Patients with psoriasis (PsO) and psoriatic arthritis (PsA) have functional disability, pain and emotional problems, and experience lower quality of life (QoL) than patients with PsO alone.


Examine effectiveness of etanercept (ETN) in patients with PsO alone, and with PsA, and determine whether PsA patients on ETN experience rapid QoL improvement.


Data from three phase III trials using ETN in adults with moderate-to-severe PsO were pooled. Patients with (= 523) and without (= 1330) PsA received ETN 25 mg once weekly to 50 mg twice weekly or placebo for 12–24 weeks. Assessments included Psoriasis Area and Severity Index (PASI), Dermatology Life Quality Index (DLQI), EuroQoL-5D (EQ-5D), Study 36-item Short Form Health Survey (SF-36) and Hamilton Depression Rating Scale (HAM-D).

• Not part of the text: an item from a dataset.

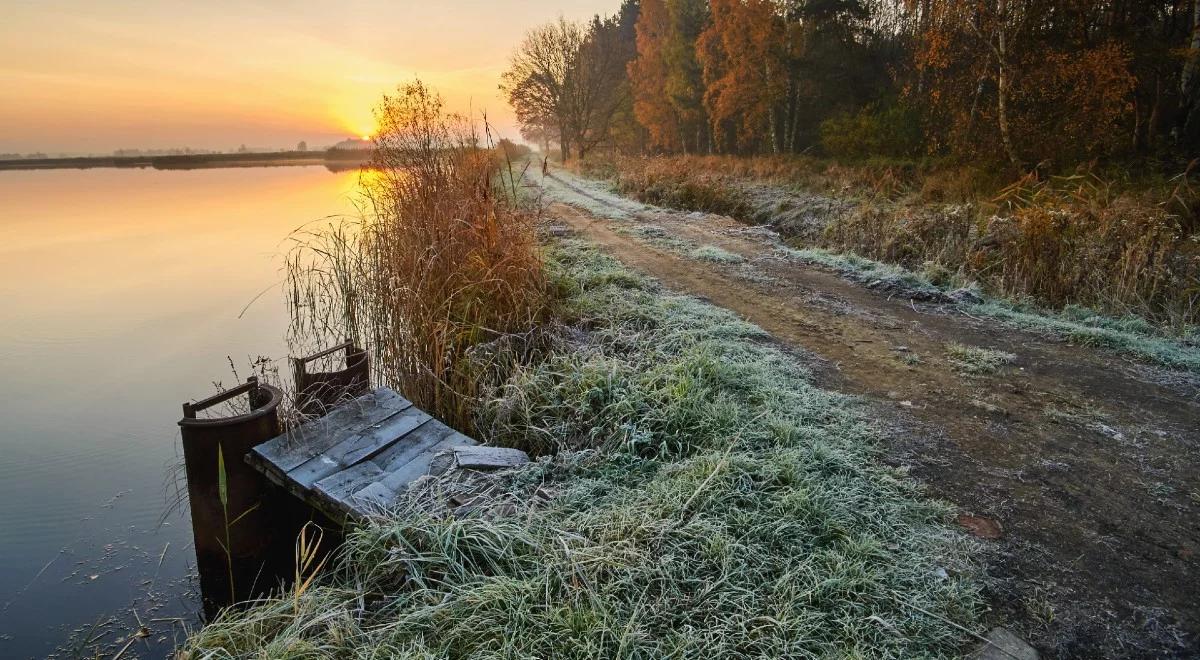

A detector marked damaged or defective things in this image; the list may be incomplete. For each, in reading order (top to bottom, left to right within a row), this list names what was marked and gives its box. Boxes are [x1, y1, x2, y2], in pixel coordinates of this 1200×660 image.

rusty metal barrel [178, 376, 284, 620]
broken wooden plank [251, 386, 410, 474]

Baseline PASI, EQ-5D and SF-36 physical component summary scores were worse for PsA patients. With ETN, PASI for PsA and non-PsA groups improved as early as week 2. Scores for both groups converged by week 12. EQ-5D and SF-36 physical component improved faster in PsA patients, with EQ-5D scores converged by week 2. For total DLQI and most components, both groups had similar baseline scores and improved over 24 weeks on ETN. While the PsA group had more depressed patients at baseline, after 24 weeks on ETN it showed a greater reduction in the number of depressed patients than the non-PsA group.


In patients with PsO involving ≥10% of body surface area, skin disease and QoL are worse in PsA patients. With ETN, QoL improved rapidly in PsA patients.